Played Gullane no.1 last week, having played no.2 and no.3 previously.
Weather conditions were fine, if a little cold. The fairways were in great condition, and greens superb. Rough was brutal, maybe too harsh. (i lost a ball on the 2nd which was probably less than 10yards right of the flag from 200 yards out. Was expecting a birdie putt rather than losing a ball!)
Like many links courses, if you keep the ball on the fairway (even semi rough is long) then you can score well, as greens are true and consistent.
You can tell this is a championship course by its set up. Only one weak hole for me, and that's the downhill 17th, which i don't think fits in with the other holes.
Overall i would recommend playing this course once if you get the chance, but given price differential between no.1 and no.2, i would play no.2 every time. Both similar in respect of quality of holes and conditions.

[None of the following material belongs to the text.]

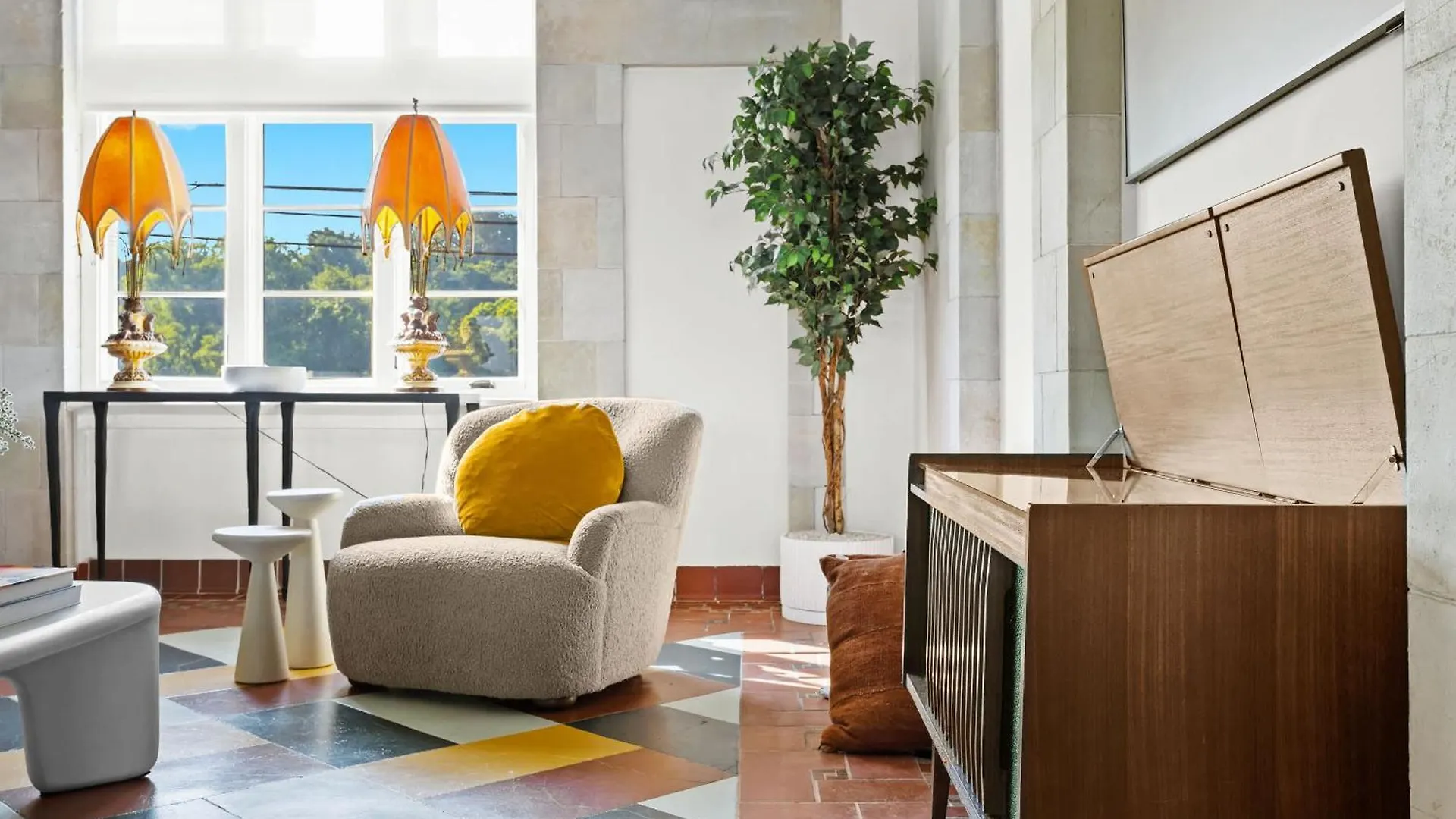 Elegant Riverside Escape Historic Charm & Views لويفيل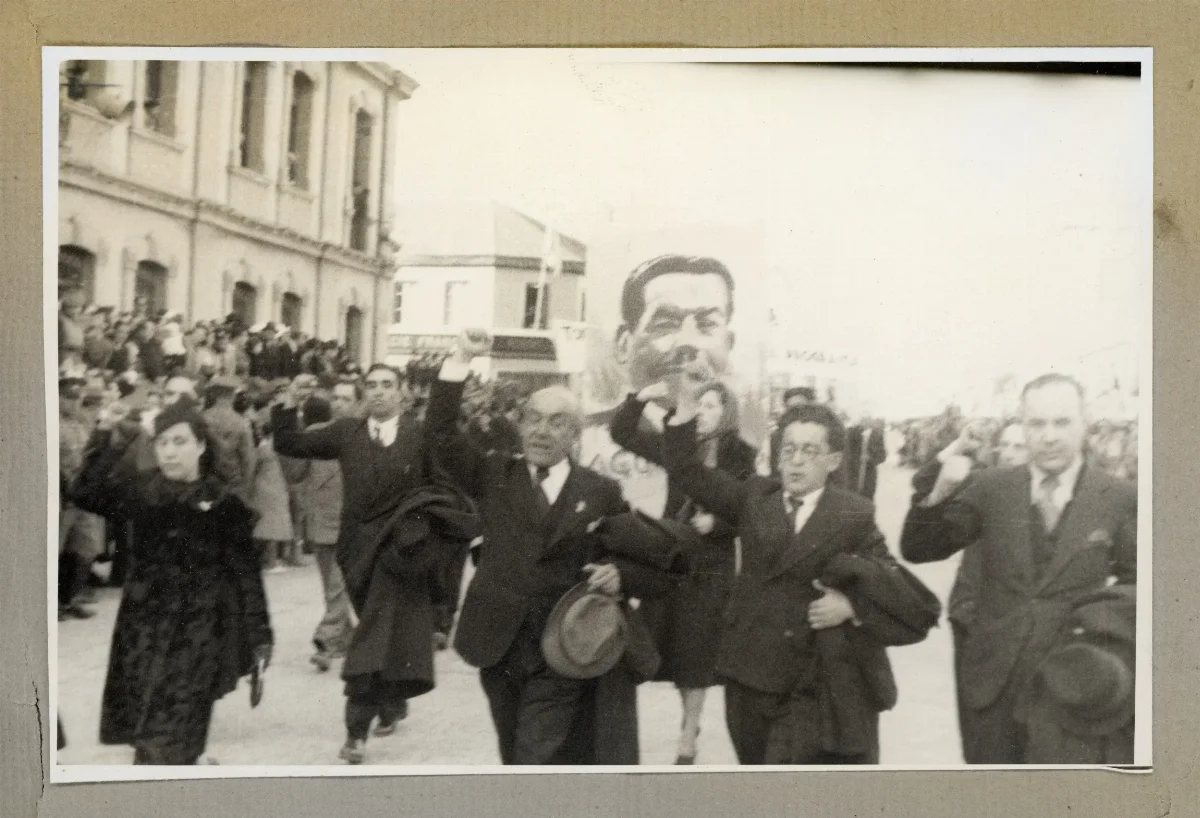 Presidente en acto cívico ante multitud en plaza pública — Punta Arenas — 1939 | Chile de Ayer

Overall i would say no.1 is an excellent course and worth playing once. But next time im back in Gullane ill play no.3 as a warm up and play no.2 instead. Then as a treat play North Berwick.
Gullane No1 is a classic design with very minimal contouring and extremely good turf conditions. There are very few standout holes on this course but the views and pure links experience is worth checking out. My opinion is that Gullane No1 is an average course on a beautiful piece of land.
Great town and club. It was a wonderful host to the Scottish Open. The course itself is very good. The course is very firm and fast with very good greens and views that you will not forget. There are a couple holes that I don't love, but overall it is a wonderful day. Don't hesitate to play #2 or #3. There are some fantastic holes at a great value.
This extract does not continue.